**Stored records**

········

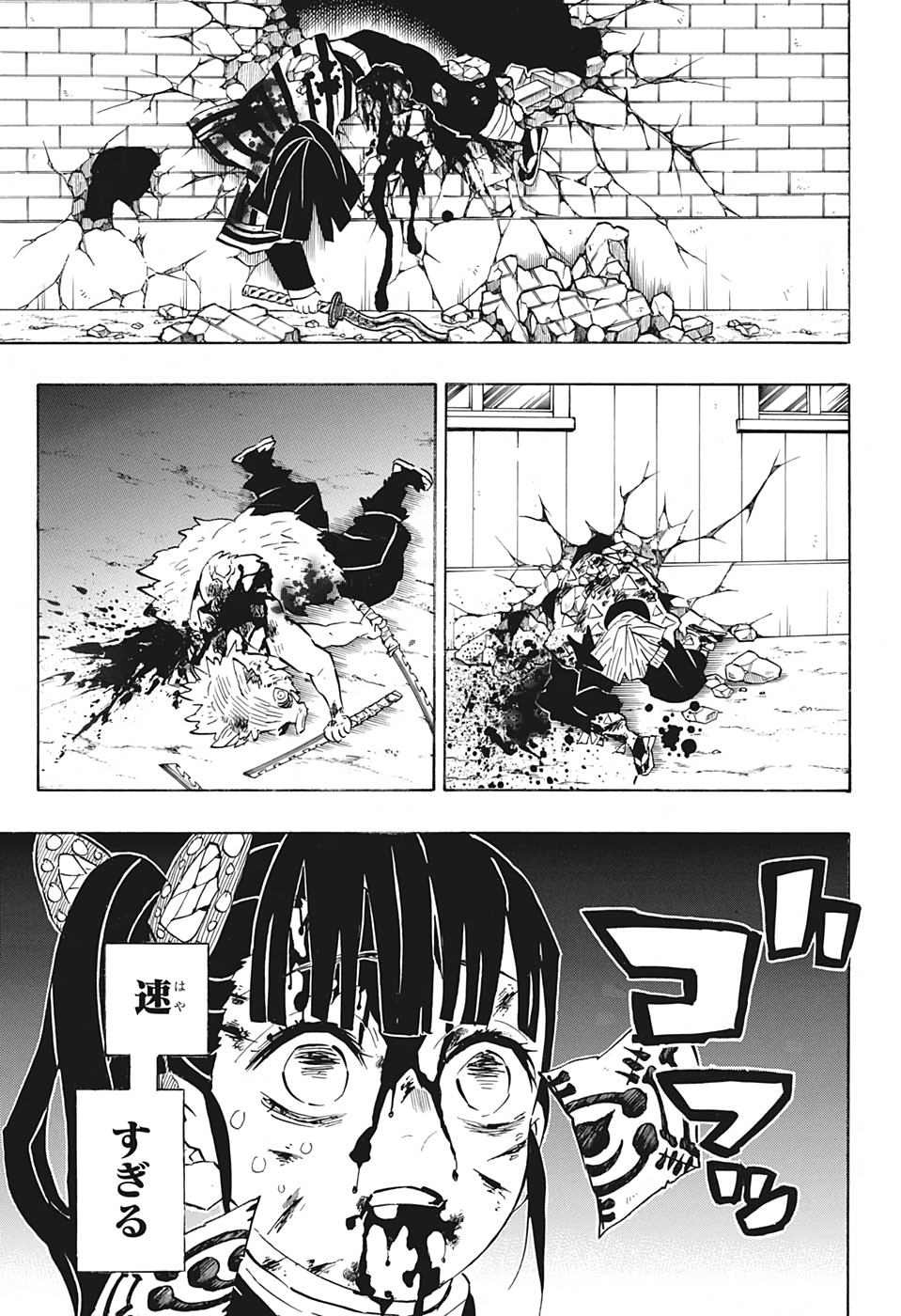 鬼滅の刃 - raw - 第191話 - https://jpee.aabb.to/JPEE/60929/jo0s03nlfub.jpg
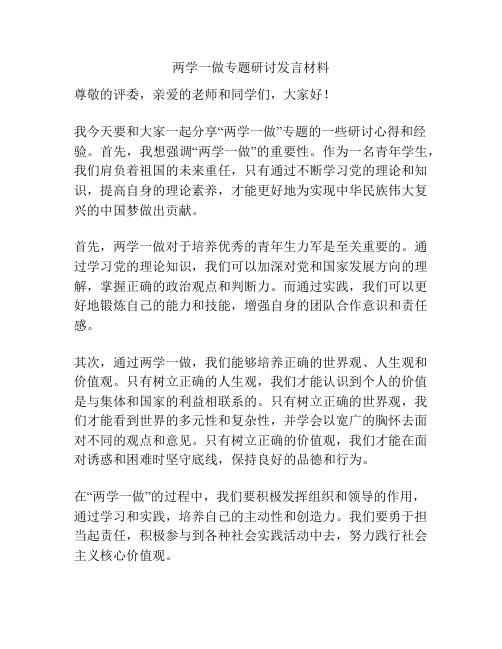 两学一做专题研讨发言材料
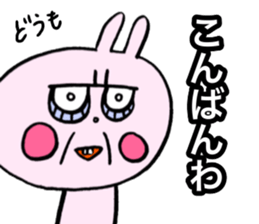 Very fascinating pink rabbit sticker #11999845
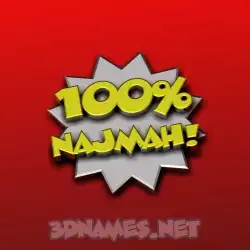 najmah in 100 Percent style - 3D name wallpaper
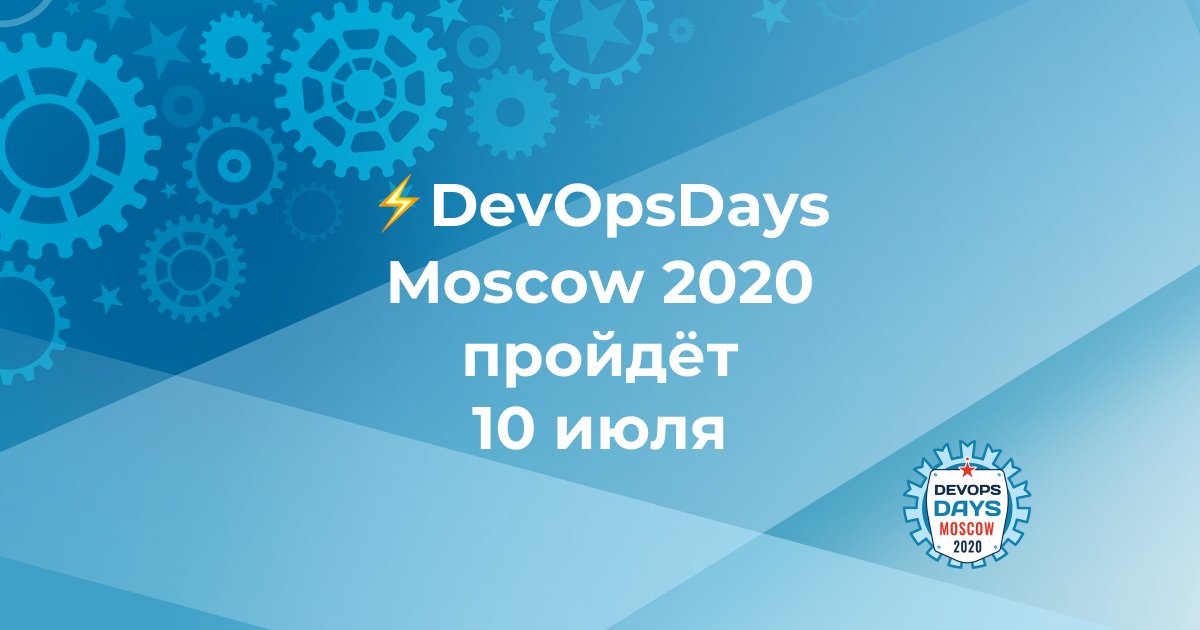 DevOpsDays Moscow 2020 tweet media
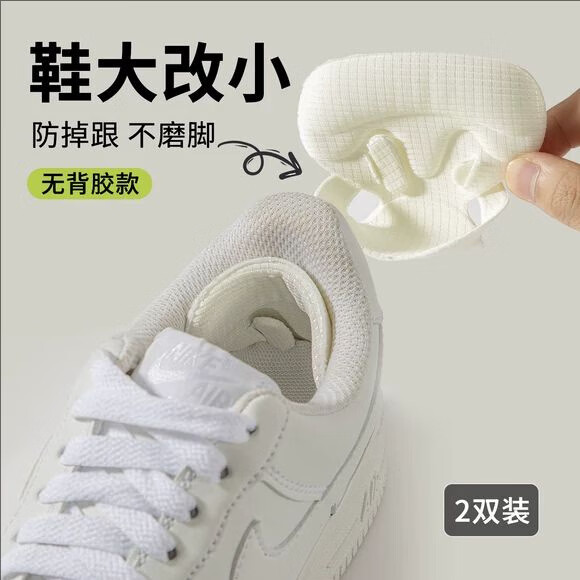 胖东来鞋大改小后跟贴运动后脚防掉跟半码垫改小鞋大了胖东来同款 3双【黑色厚款】无胶后跟贴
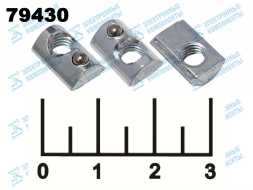 Сухарь пазовый 12.5мм М5 ПАЗ-6 с фиксатором
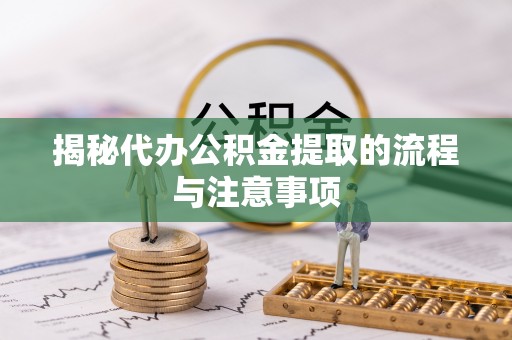 盐湖揭秘代办公积金提取的流程与注意事项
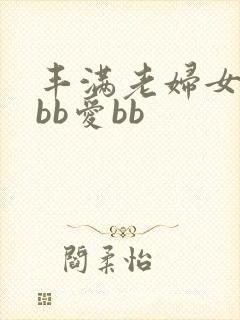丰满老妇女操bbb爱bb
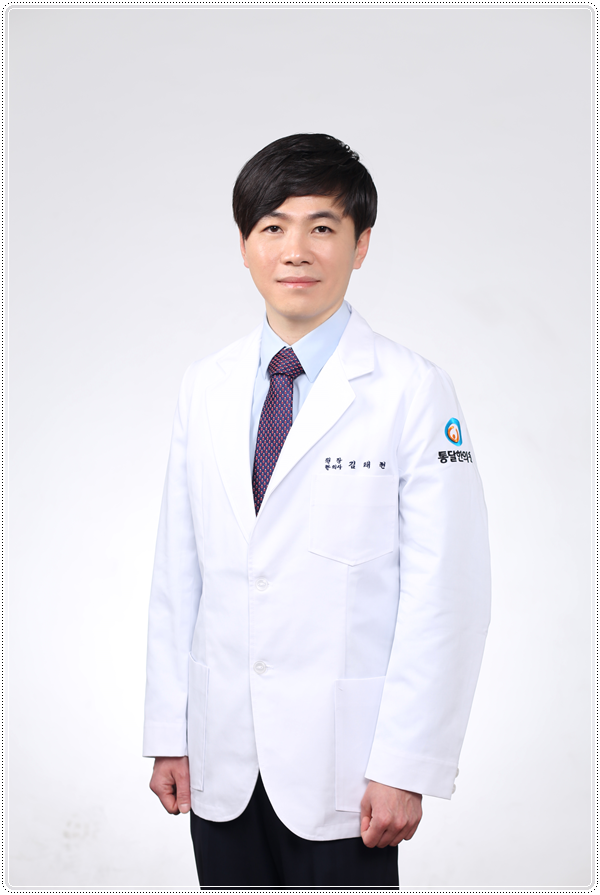 명제한의원 이미지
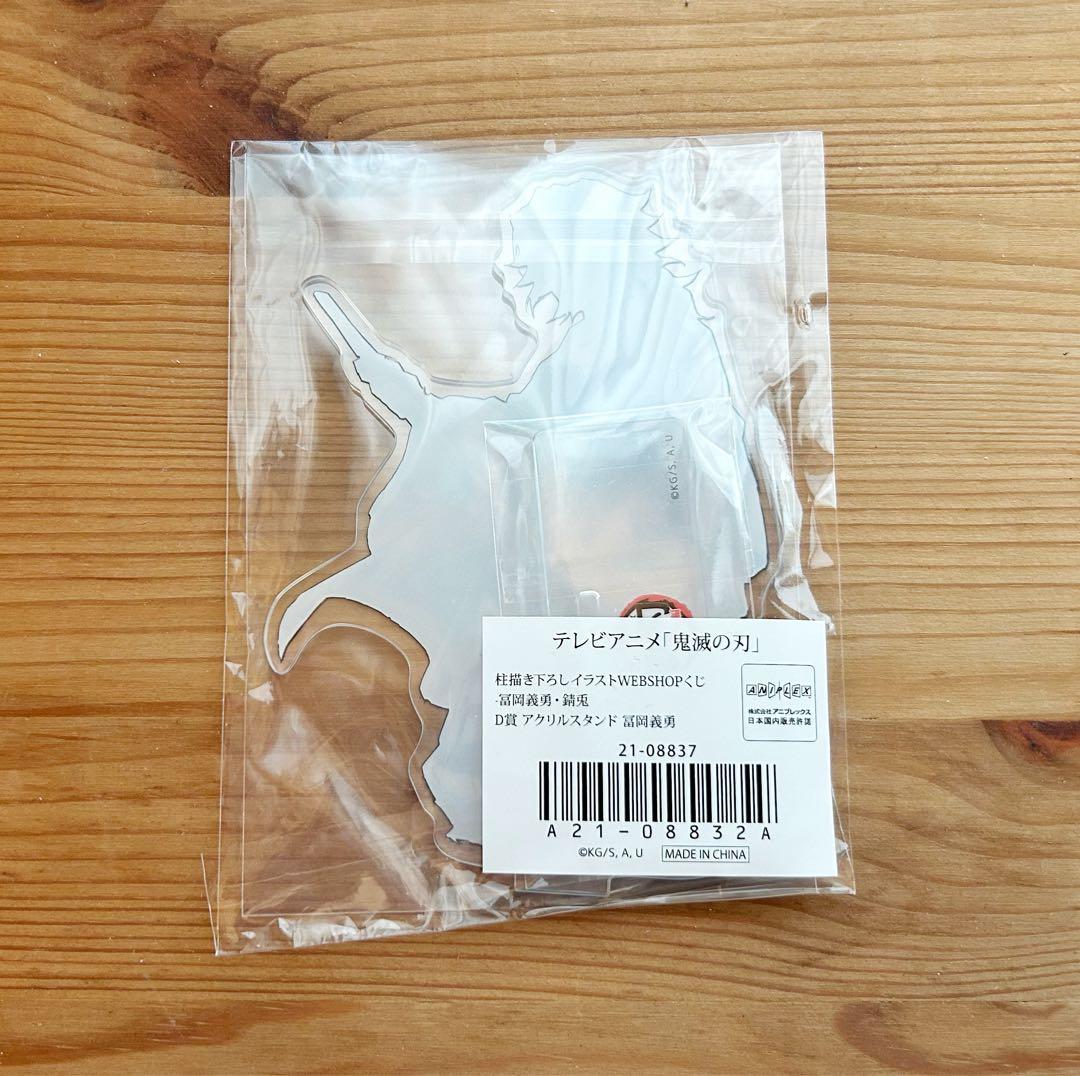 鬼滅の刃 柱描き下ろしイラスト webshopくじ 冨岡義勇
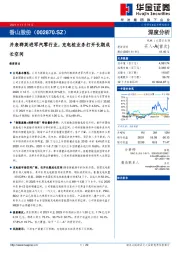 并表群英进军汽零行业，充电桩业务打开长期成长空间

········

**What you should do**
All of the data should be returned word for word, with each picture left out.

**Written answer**
 鬼滅の刃 - raw - 第191話 - https://jpee.aabb.to/JPEE/60929/jo0s03nlfub.jpg
 两学一做专题研讨发言材料
 Very fascinating pink rabbit sticker #11999845
 najmah in 100 Percent style - 3D name wallpaper
 DevOpsDays Moscow 2020 tweet media
 胖东来鞋大改小后跟贴运动后脚防掉跟半码垫改小鞋大了胖东来同款 3双【黑色厚款】无胶后跟贴
 Сухарь пазовый 12.5мм М5 ПАЗ-6 с фиксатором
 盐湖揭秘代办公积金提取的流程与注意事项
丰满老妇女操bbb爱bb
 명제한의원 이미지
 鬼滅の刃 柱描き下ろしイラスト webshopくじ 冨岡義勇
 并表群英进军汽零行业，充电桩业务打开长期成长空间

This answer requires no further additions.